Without added low-TP CRW with only 8 ppb, the inflow TP concentration to the lake from Rocky Ford Creek, Crab Creek and ground water would have been 109 ppb instead of 33 ppb with CRW, as averaged from the May-September TP loading analyses in 2020 and 2021. The predicted whole-lake TP concentrations would have been 168 and 50 ppb without and with CRW, respectively, including input from bottom sediments. Observed whole-lake (all depths) TP was 55 ppb, similar to the predicted 50 ppb. Average surface TP at six lake sampling sites was 27 ppb, the concentration that relates to algae and represents the lake’s quality. So, low-TP CRW predictably lowered lake TP by diluting inflow TP concentration as well as the input from bottom sediments.
Rehabilitation of lakes by dilution is not unique to Moses Lake. Lake Spokane water quality has markedly improved since 1977 when phosphorus removal was installed in Spokane’s wastewater that is discharged to the river. As a result, the river TP concentration entering the lake was reduced from 86 ppb to 25 ppb and eventually to 14 ppb. Treated city wastewater now contains TP at 9-16 ppb. So, the lake’s rehabilitation was due largely to dilution. Same is the case for Lake Washington. Diversion of 9 wastewater effluents from the lake during 1964-1967 lowered lake TP from 64 to 15 ppb in four years. That quick recovery was largely due to the low TP (17 ppb) in the Cedar River, the main inflow which diluted the lake’s high TP concentration. Also, water quality in Green Lake in Seattle was effectively improved by dilution with Seattle city water containing only 6 ppb TP. So, dilution has been more prevalent in lake rehabilitation than often recognized.
This rehabilitation method has been usually referred to as dilution/flushing. However, the flushing part is much less relevant to the reduction in lake TP than dilution. A large increase in inflow will increase the lake water exchange (replacement) or flushing rate. The average CRW inflow over the past 25 years of 200,000 AF during April through September increased the lake flushing rate from about 0.25% per day to 0.9% per day. That increase in flushing rate will not reduce lake TP concentration unless the inflow TP concentration is lowered, as occurs with CRW at 8 ppb TP.

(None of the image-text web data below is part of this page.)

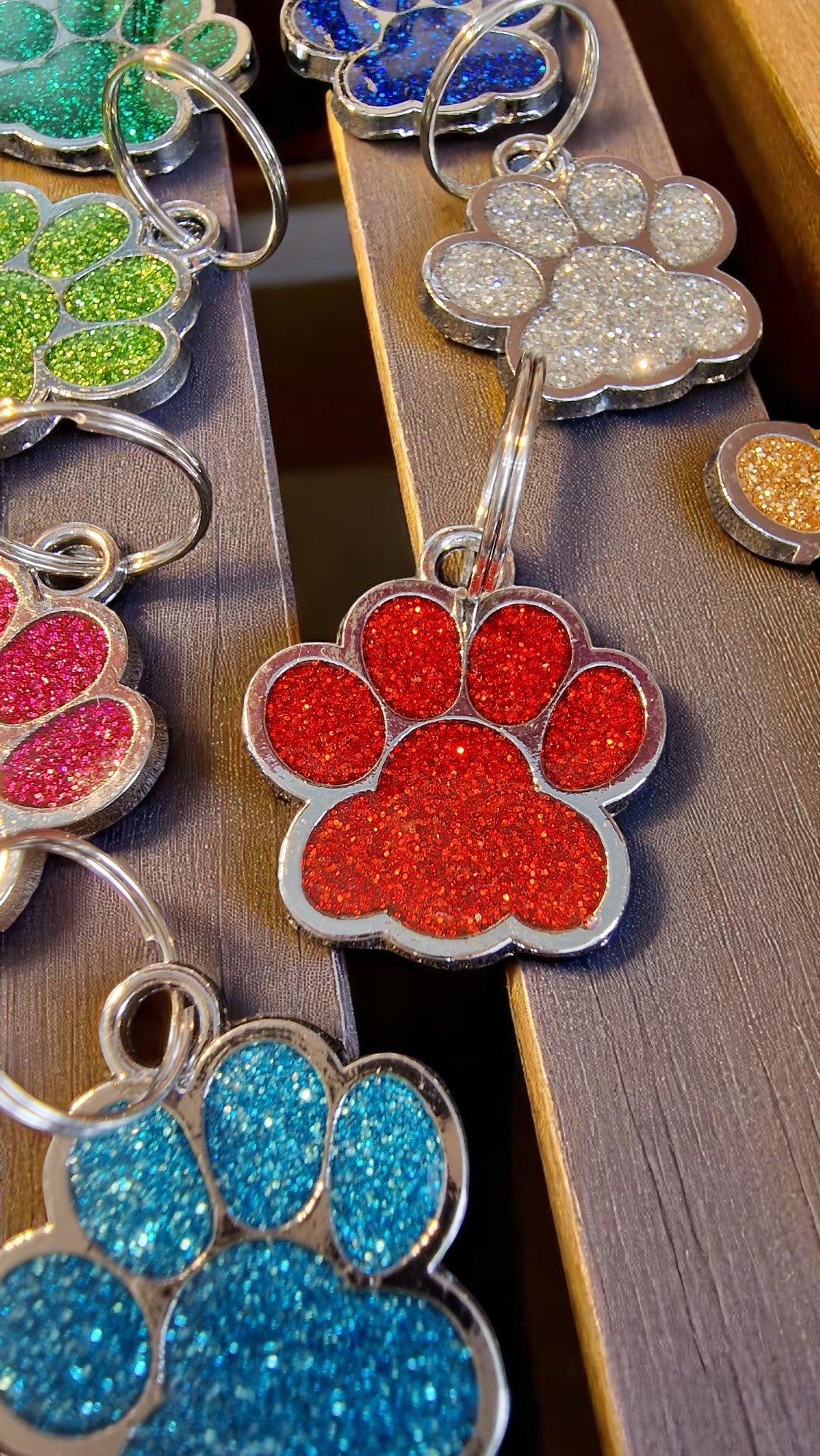 Colorful glittery paw-shaped keychains on a wooden surface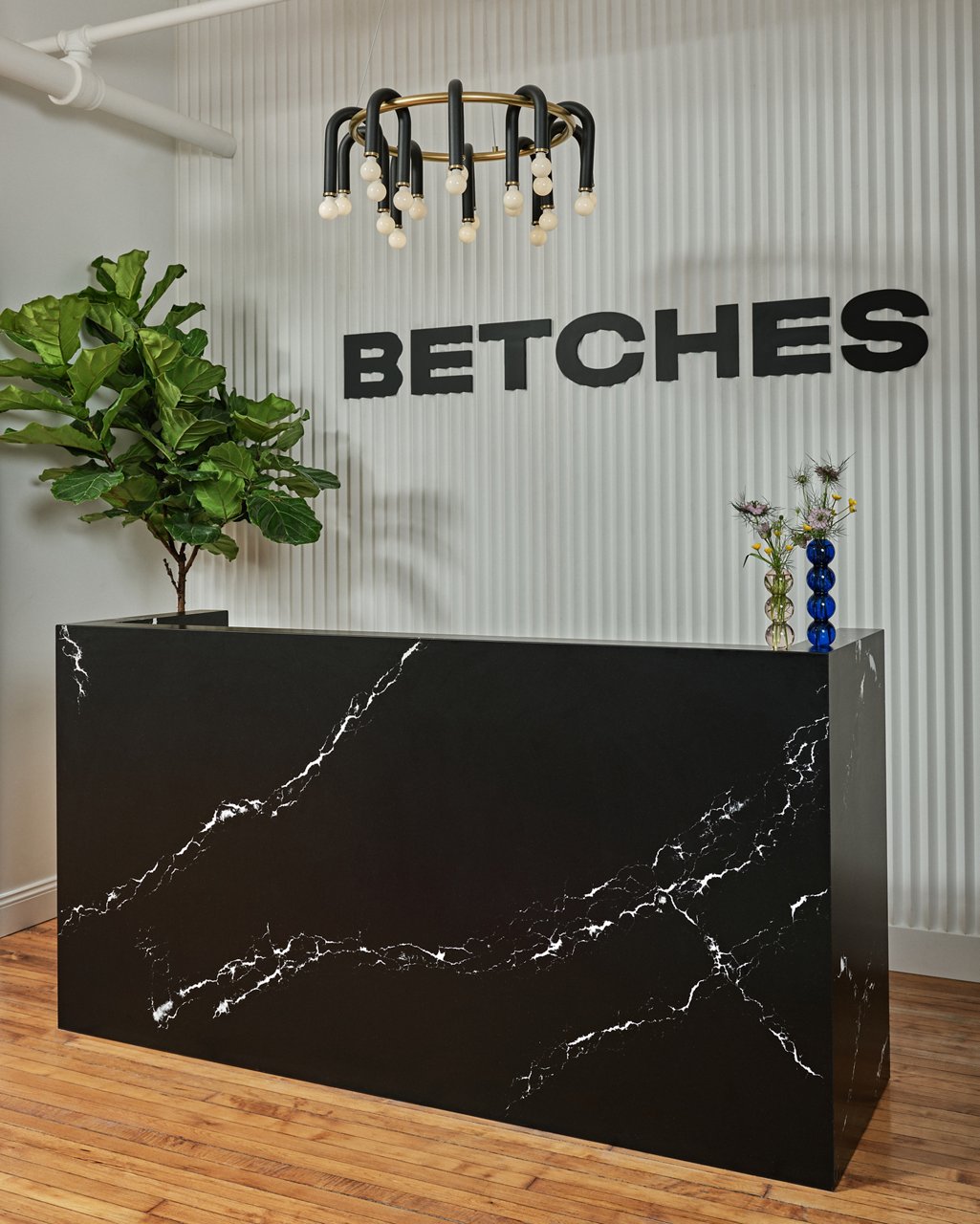 Cambria Blackbrook Matte and White Cliff quartz front desk in Betches headquarters lobby
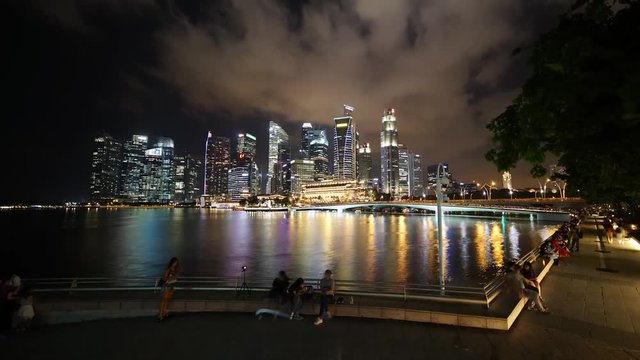 Singapore - November 27, 2017: Zoom in timelapse footage of Singapore cityscape with skyscrapers and colorful light at night. Shot in 4k resolution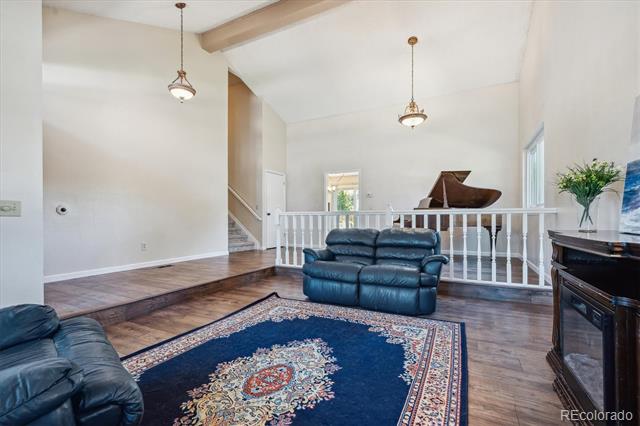 Living room with vaulted ceiling, blue leather sofas, patterned rug, and a piano beyond the railing.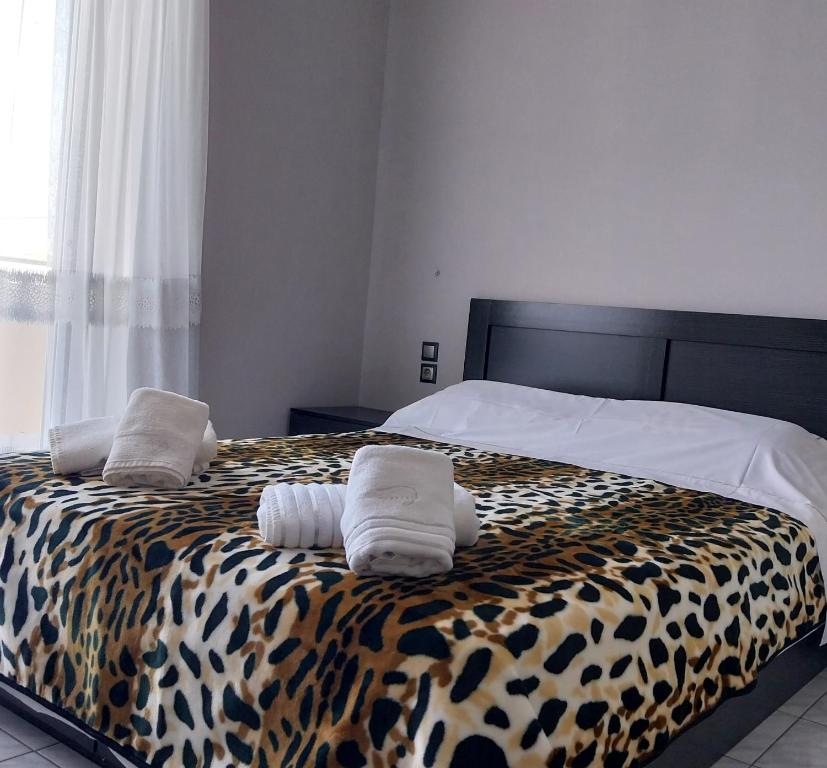Una cama con estampado de guepardo con dos toallas. en SWEET APPARTMENT, en Patra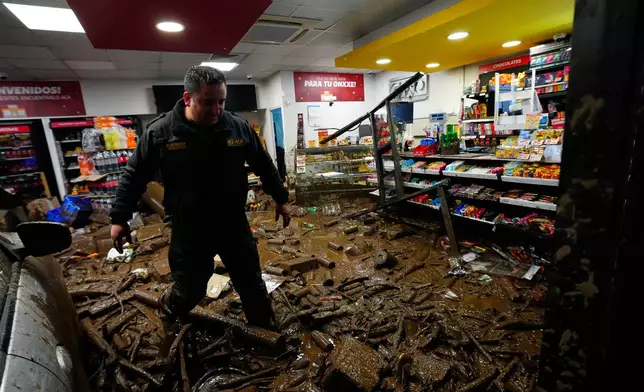 A rescue worker walks through muddy debris in a shop damaged by flash flooding caused by heavy rains in the Las Condes district of Santiago, Chile, Thursday, Oct. 8, 2026. (AP Photo/Esteban Felix)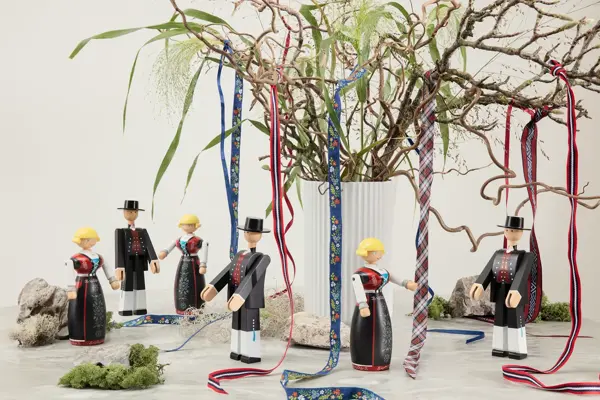 Bord med Kaj Boyesen bunadfigurer og en vase med grener.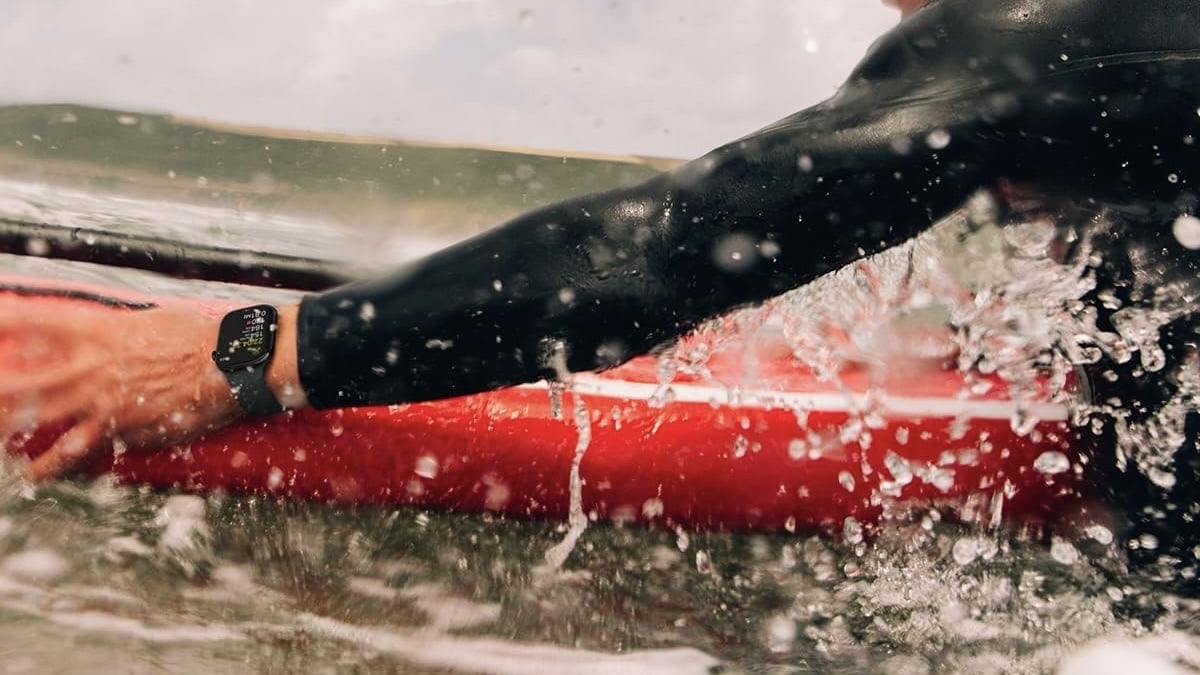 person wearing apple watch series 10 on a surfboard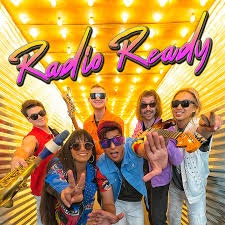 A lively group of musicians poses in colorful outfits with instruments, set against a bright, illuminated backdrop.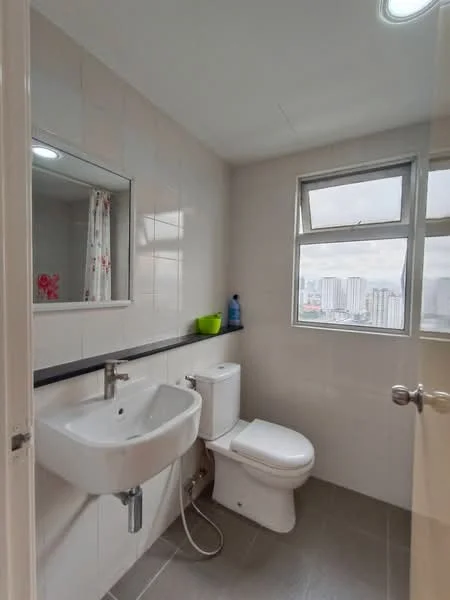 Bathroom features: white tiled walls, grey ceramic tile flooring, single-sink vanity with wall-mounted faucet, framed mirror above sink, one-piece toilet, window with city view, shower hose attachment, white shower curtain, soap dispenser, green plant pot; style: modern; view: city.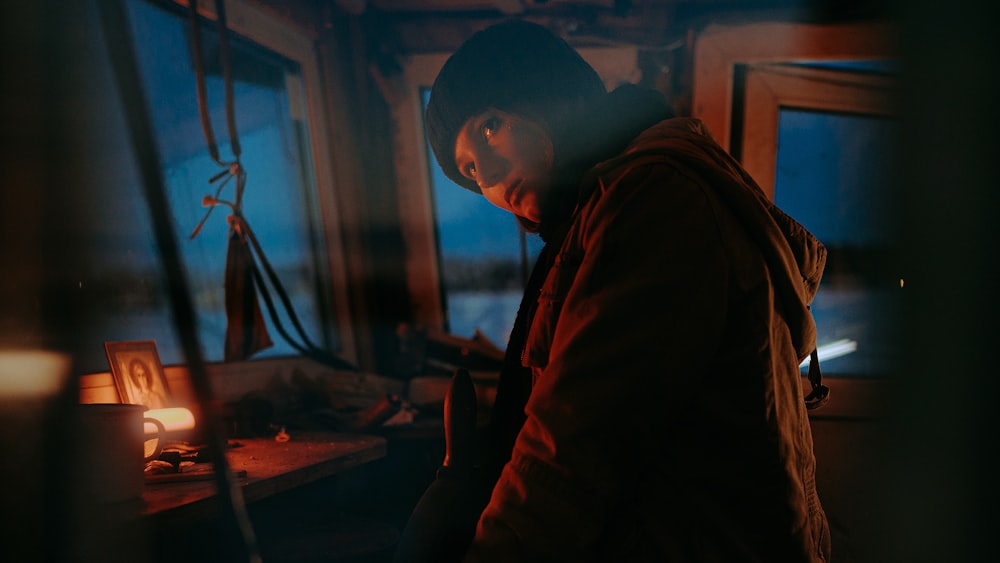 a man standing next to a window in a room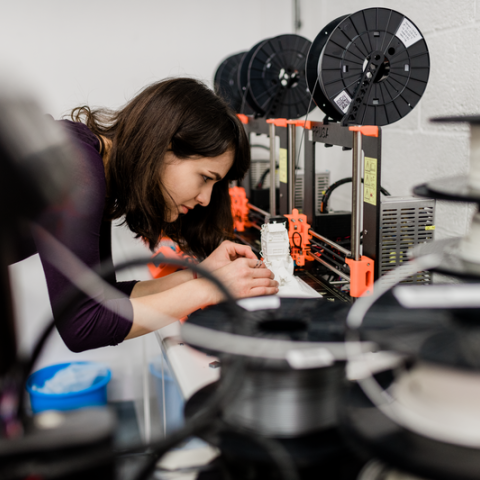 A woman using a 3D printer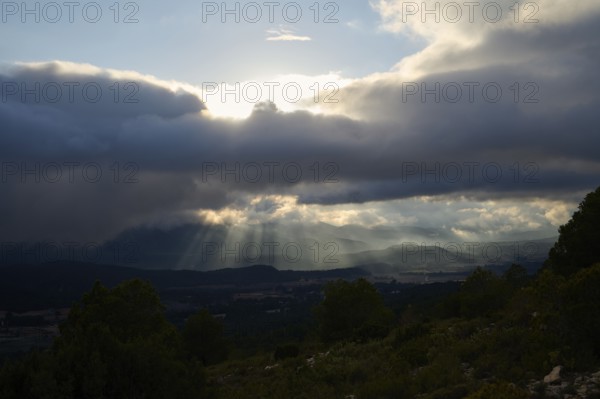 A breathtaking view of sunlight piercing through thick clouds over rolling hills and valleys,
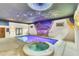 Indoor pool and spa with a unique painted ceiling at 3141 Oak Alley Dr, Apopka, FL 32703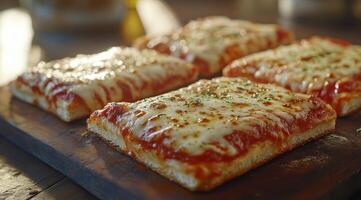 Four cheesy, square pizzas on wooden board photo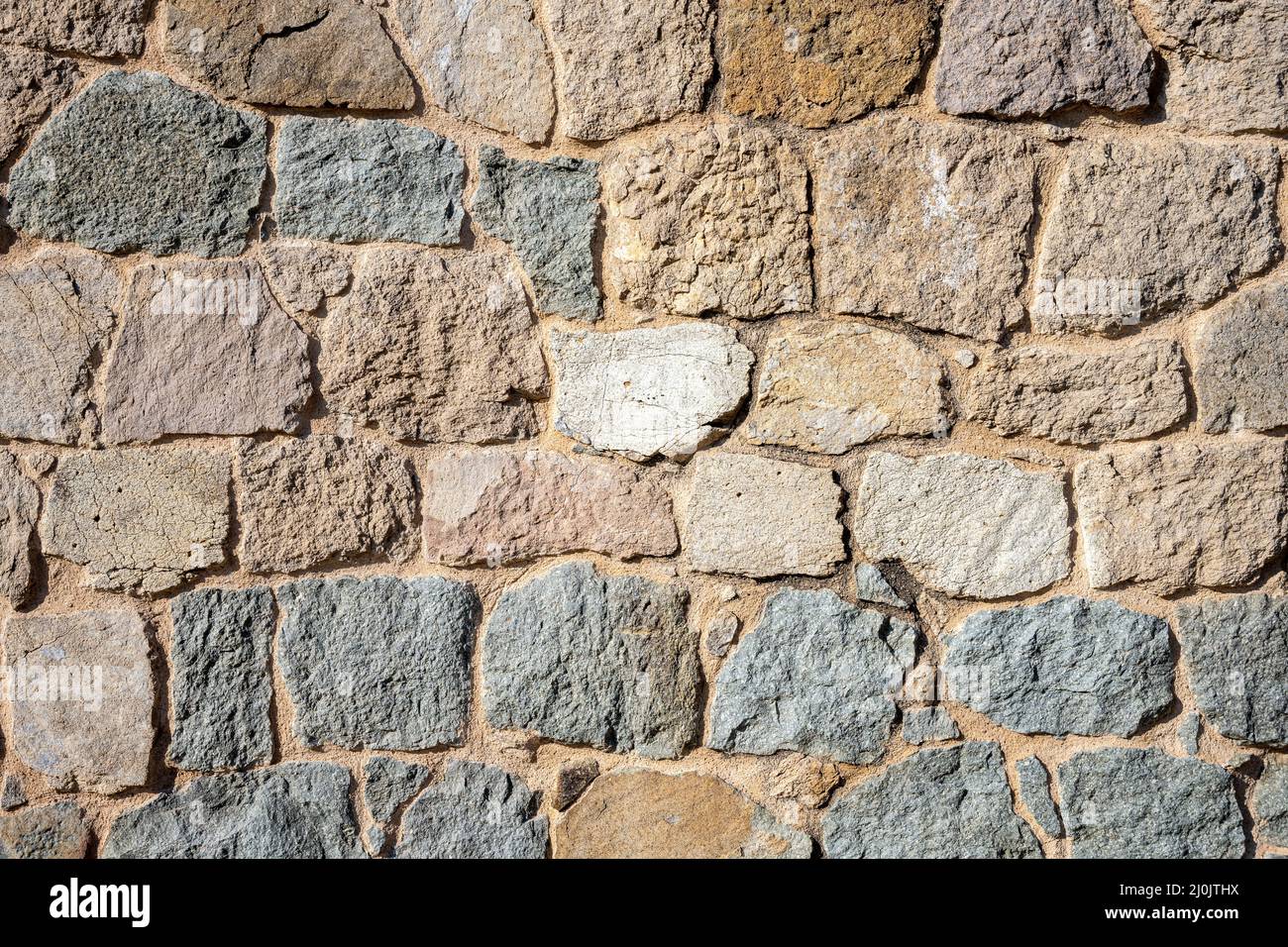 Sfondo da un muro di pietra naturale Foto Stock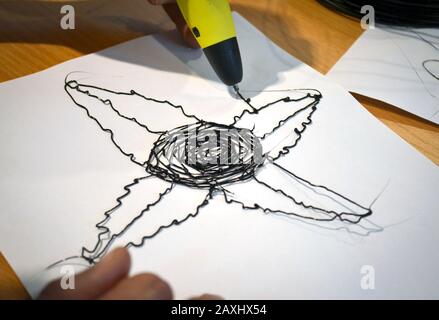 Man 3d pen draws a flower on white paper close-up, Stock Photo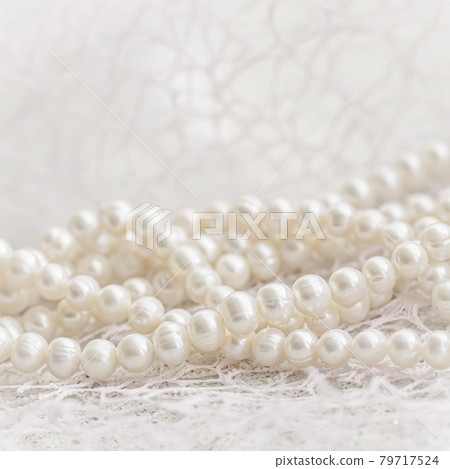 Nature white string of pearls in soft focus, with highlights Nature white string of pearls in soft focus, with highlights 79717524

The rehabilitation process for Moses Lake was initially described as eutrophication control by flushing back in 1968, but was clarified to lake water users as dilution before the Clean Lakes Project could begin. The lake outflow will be larger with an increased rate of water exchange (flushing), but with a much lower (diluted) TP concentration in the lake outflow. So, while there is more phosphorus leaving Moses Lake with the high CRW inflows, because the CRW contains some phosphorus too, the outflow TP concentration is lower at about 25 ppb instead of well over 100 ppb.